In this week of Fisher's death, there is a bit of Star Wars over-saturation in the air, and thus an understandable desire to downplay Princess Leia as the centerpiece of her legacy—and there's so much else to highlight in her filmography: When Harry Met Sally…, The Burbs, The Blues Brothers, all just as seared into the collective pop culture memory. Fisher herself was openly ambivalent about the iconic role, even as the image of the twin buns and white gown followed her through multiple book covers and promos—a stubborn little specter she'd long since disembodied that still hung over all she did.
But perhaps the reason it stuck—aside from the immense popularity of Star Wars—is that the character was as much Fisher's creation as George Lucas's; in the six years she spent playing her, Fisher likely thought more critically and deeply about who Leia needed to be than any of the original trilogy's credited writers. In a 1983 interview with Rolling Stone, she digs out her copy of Bruno Bettelheim's The Uses of Enchantment to explain the subliminal power of a strong, aspirational figure like Leia. "You can play Leia as capable, independent, sensible, a soldier, a fighter, a woman in control—control being, of course, a lesser word than master," she said. "But you can portray a woman who's a master and get through all the female prejudice if… you're dealing in fairy-tale terms. People need these bigger-than-life projections."
That doesn't sound like the typical "so happy to be a part of this journey" interview that an actress would give for a major film series—it's as if Fisher was trying to do all she could to counteract the bikini-clad object of fantasy on the cover. (Fisher famously detested the bikini: "It wasn't my choice," she told PEOPLE in 1983. When [Lucas] showed me the outfit, I thought he was kidding and it made me very nervous.") But it also belies her writer's mind—which was as much the mind of a jaded child of Hollywood as it was of a humorist and mental health advocate. Fisher became a highly sought-after script doctor in the 90s, though she was never credited for her work on Hook, Lethal Weapon 3, or The Wedding Singer; while she helped Hollywood men make millions at the box office, she also became a kind of guru to Hollywood women.

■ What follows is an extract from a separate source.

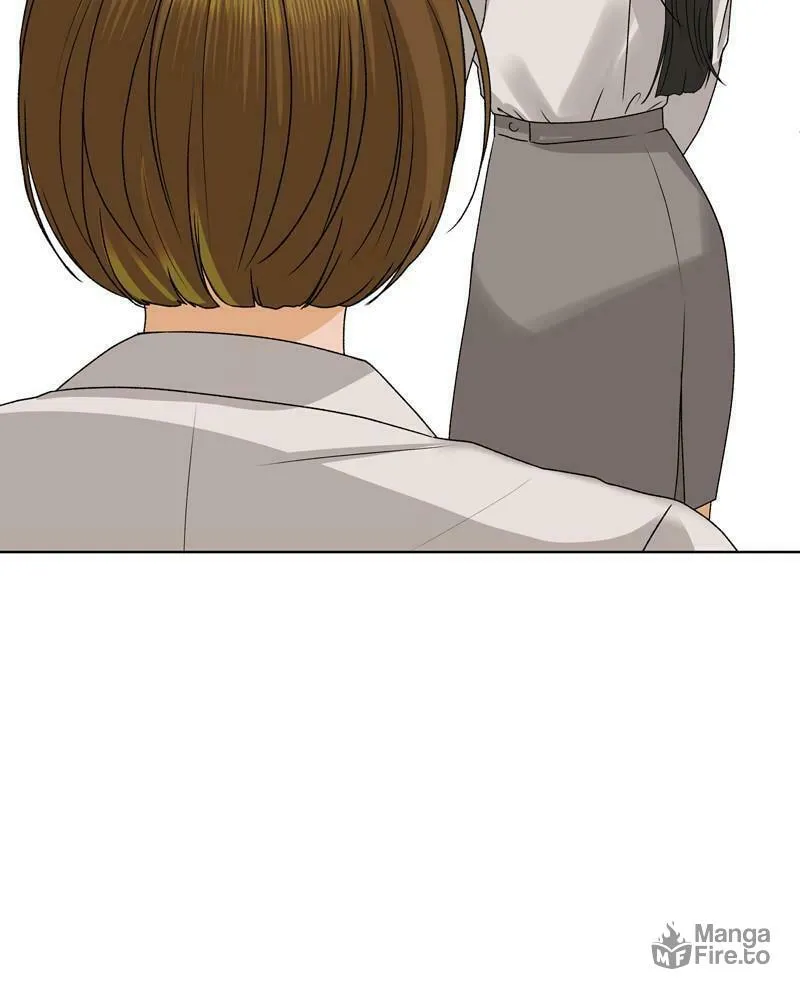 Read The Fox Club chapter 28 image 152 on Lezhin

She offered dating advice to Courtney Love and advised Whoopi Goldberg to handle the contentious production of Sister Act by sending a hatchet to then-Disney chairman Jeffrey Katzenberg for him to bury. (She did, and Katzenberg sent back a pair of brass balls: message received.) Reading the tweets of celebrities reacting to her death gives the sense that she was a regular, stabilizing presence in brainy, post-middle-age circles of Hollywood that perhaps still privately struggled with the insecurities of waning celebrity that Fisher spent so much of her writing career looking in the eyes.

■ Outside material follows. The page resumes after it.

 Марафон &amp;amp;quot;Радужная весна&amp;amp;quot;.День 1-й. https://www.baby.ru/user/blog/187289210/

Fisher is survived by her mother and daughter, whom Fisher was close to her entire life. And somehow, it still makes so much sense to think of Fisher as part of a mother-daughter dynamic—not as a docile caretaker or a fragile child on the edge, but as an empowering figure, a nurturer, the wise old General Organa handing off the lightsaber to a younger generation of self-possessed women.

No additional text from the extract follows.